REQUIRED ACTION:
Below, locate the line that contains "Ombre Button Up Shirt in Black: front". Repeat exactly from that line to the line that contains "Merry Snowman Christmas Tree Ornament", inclusive, leaving out the pictures.

═══ AVAILABLE DATA ═══

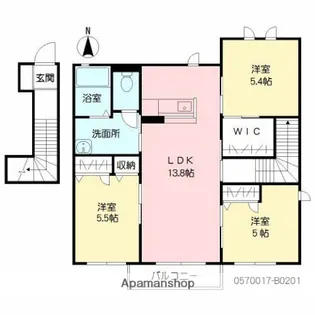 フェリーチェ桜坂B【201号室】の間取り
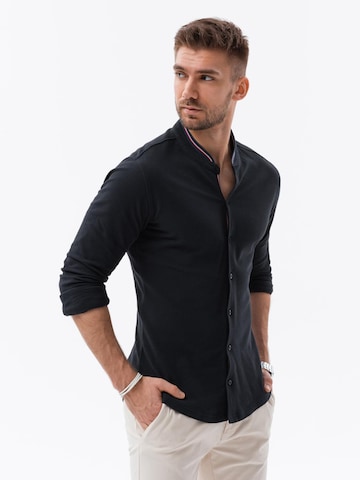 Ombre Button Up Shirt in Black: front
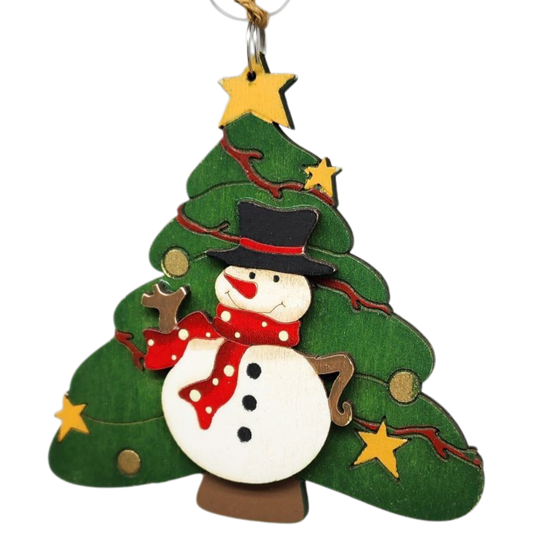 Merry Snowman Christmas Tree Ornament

═══
═══ AVAILABLE DATA ═══

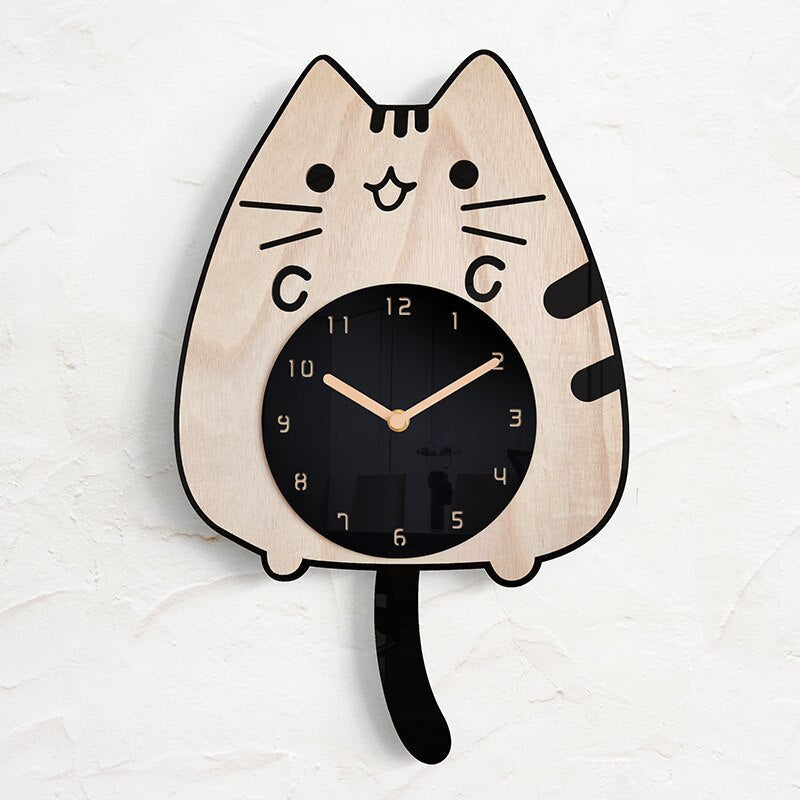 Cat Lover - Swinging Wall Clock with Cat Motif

═══

EXPECTED ANSWER:
 Ombre Button Up Shirt in Black: front
 Merry Snowman Christmas Tree Ornament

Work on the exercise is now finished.